> Required work: The exercise calls for exact output of the lines between the one that contains "Item preview, Knock" and the end of the data, with both ends kept and pictures left out.

> Data:

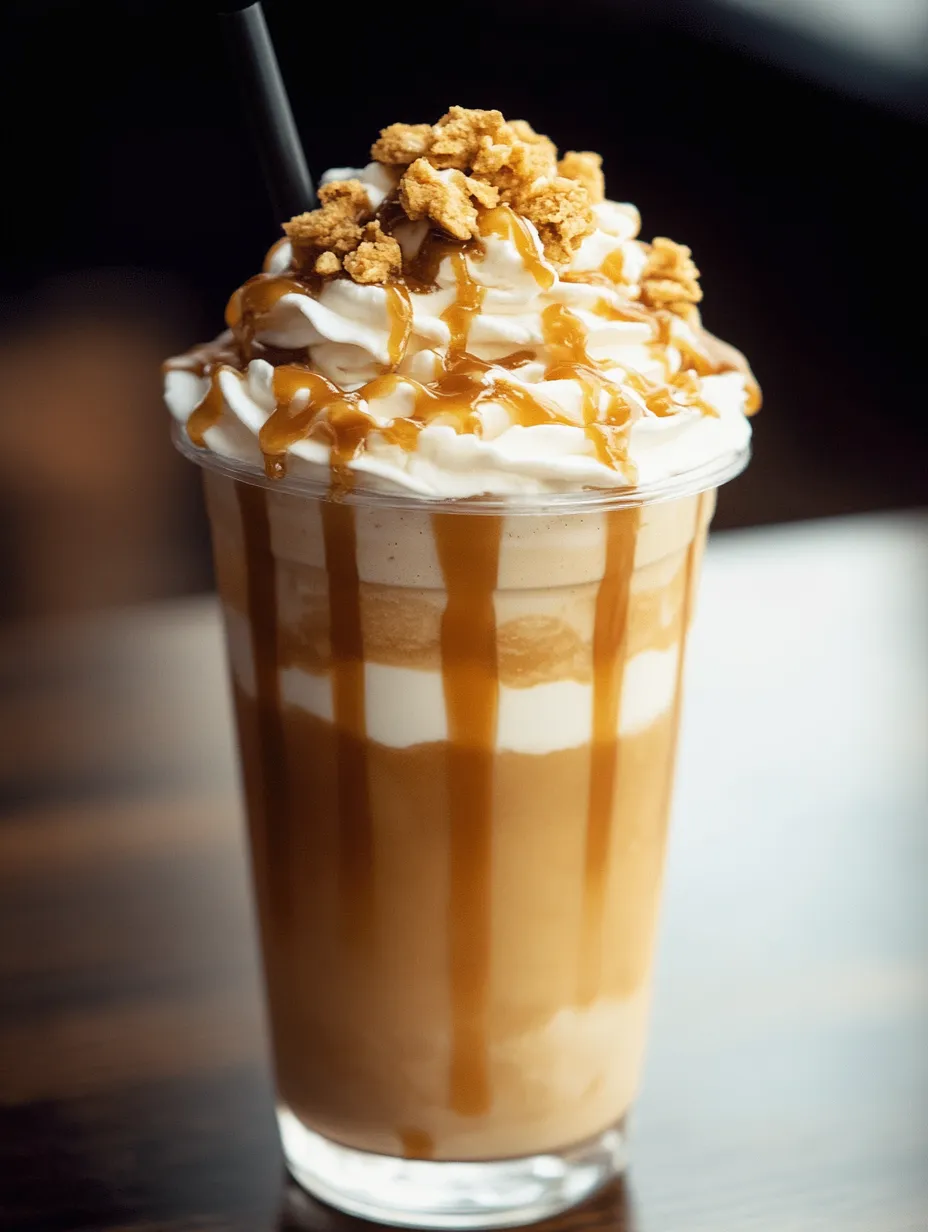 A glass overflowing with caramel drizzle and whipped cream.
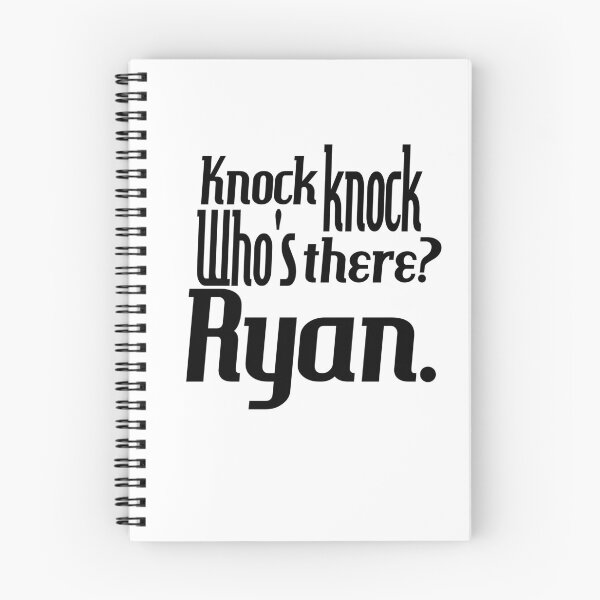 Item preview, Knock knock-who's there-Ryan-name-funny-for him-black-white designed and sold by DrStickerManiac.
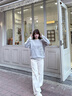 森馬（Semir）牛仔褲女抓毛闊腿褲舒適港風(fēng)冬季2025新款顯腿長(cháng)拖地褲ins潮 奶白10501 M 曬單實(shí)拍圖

> Output of the task:
 Item preview, Knock knock-who's there-Ryan-name-funny-for him-black-white designed and sold by DrStickerManiac.
 森馬（Semir）牛仔褲女抓毛闊腿褲舒適港風(fēng)冬季2025新款顯腿長(cháng)拖地褲ins潮 奶白10501 M 曬單實(shí)拍圖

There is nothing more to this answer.